What has Terence Conran ever done for us? You know, other than introduce duvets and sofas and garlic presses, coffee pots and pasta makers? And, apart from bringing good industrial design into every home and creating a template for other modern design practices in Britain? Well, in addition to co-founding the Design Museum (originally known as the Boilerhouse at the V&A before Conran bought up the 13 acres around Butler’s Wharf in 1989), he is now helping move it to new digs at the Commonwealth Institute by 2014 – to the tune of around £17 million in ongoing donations.

So, the Design Museum, at least, has a lot to be thankful for and is honouring Conran’s 80th birthday with a retrospective of sorts. I say ‘of sorts’ because it isn’t easy to encapsulate his various guises of businessman, design entrepreneur and restaurateur all under one roof – let’s just call it Conrania.

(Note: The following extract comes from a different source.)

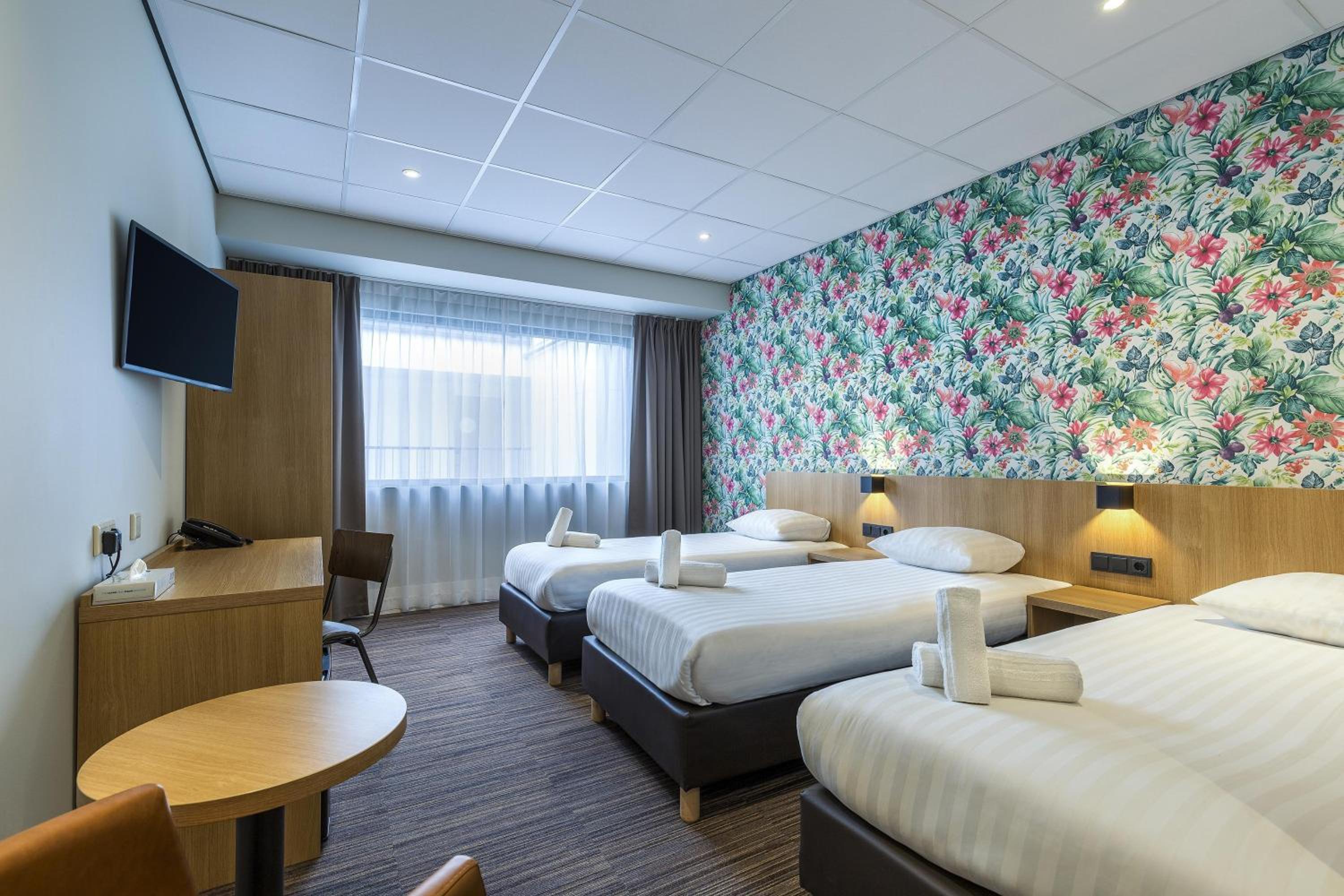 Economy Triple Room with Shower - Non-Smoking photo 2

His early steps as a young metalworker in the 1950s resulted in an elegant, basket-weave ‘Cone’ chair, while diffusion lines of Midwinter pottery and Festival of Britain-style textiles showed a growing versatility, as well as an eye for form. None of this bucolic tinkering prepares you for the leaps in ambition that saw Conran quickly elbowing his way to set up his own factory and then a first Habitat store in 1964, on the Fulham Road.

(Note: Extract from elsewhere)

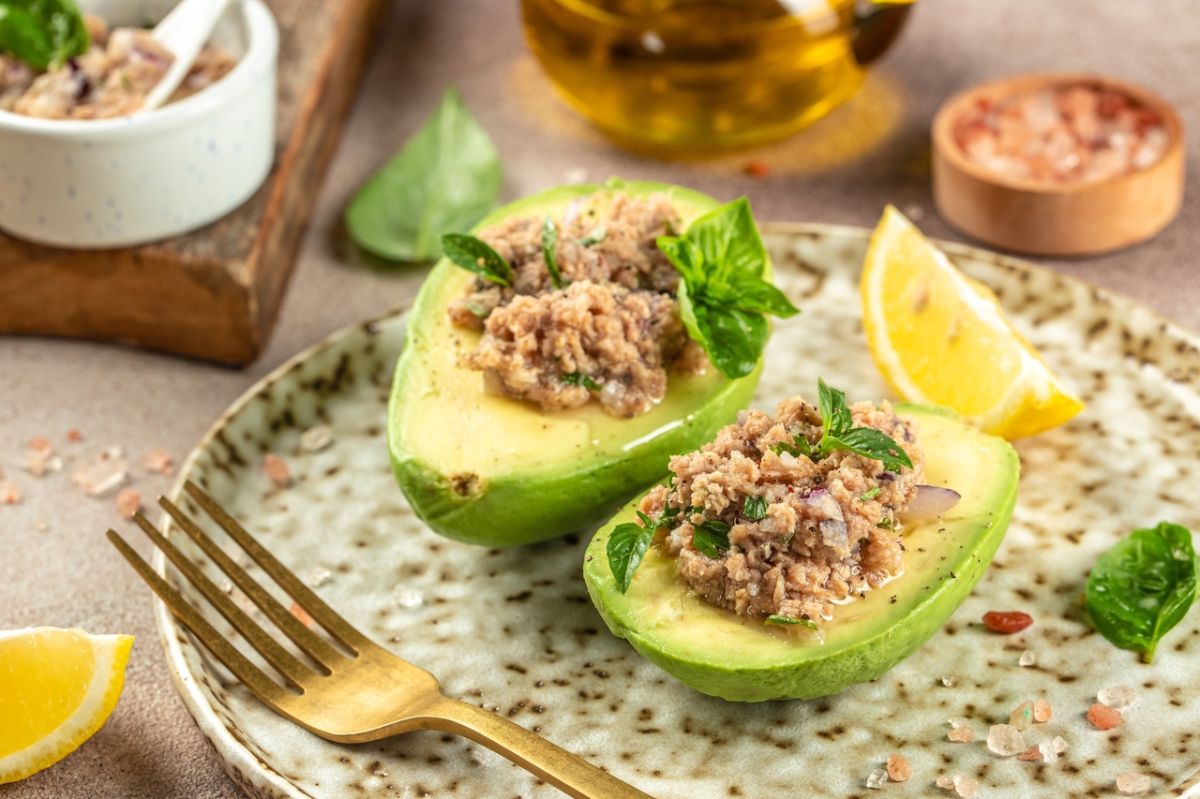 manger un avocat brun : ce qu'il faut savoir avant de le jeter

Although a cosy, retro furniture outlet to begin with – stocked with countrified kitchen utensils and rocking chairs – Habitat soon morphed into a watchword for modern living and Conran himself became the design phenomenon of the era, with hundreds in his employ. Then there were all the high-end haute dining experiences of Le Pont de la Tour, Bibendum and most recently, Albion, here displayed with their place settings and cutlery – although fittingly there’s no Quaglino’s ashtray, presumably because they were so prized as illicit, take-home trophies.

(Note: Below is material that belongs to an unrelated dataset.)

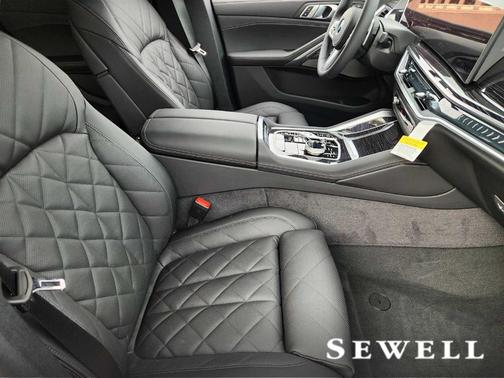 Black Sapphire Metallic 2027 BMW X6 xDrive40i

However, we have more than one reason not to be so cheerful for the Conran legacy. Arguably there wouldn’t be cafes shoehorned into every single department store without his example, while Conran also gave us catalogue shopping, flat pack furniture to a certain extent and, by bastardised proxy, the dreaded Ikea (which ironically bought the ailing Habitat from him in 1992). There is a certain vanilla blandness to Conran’s aesthetic too, although the upside of this unfussiness is that he continues to produce well-made, and tastefully inoffensive furniture even now through the Conran Shop, none of which is to be sniffed at. Alright, alright, apart from all that, then?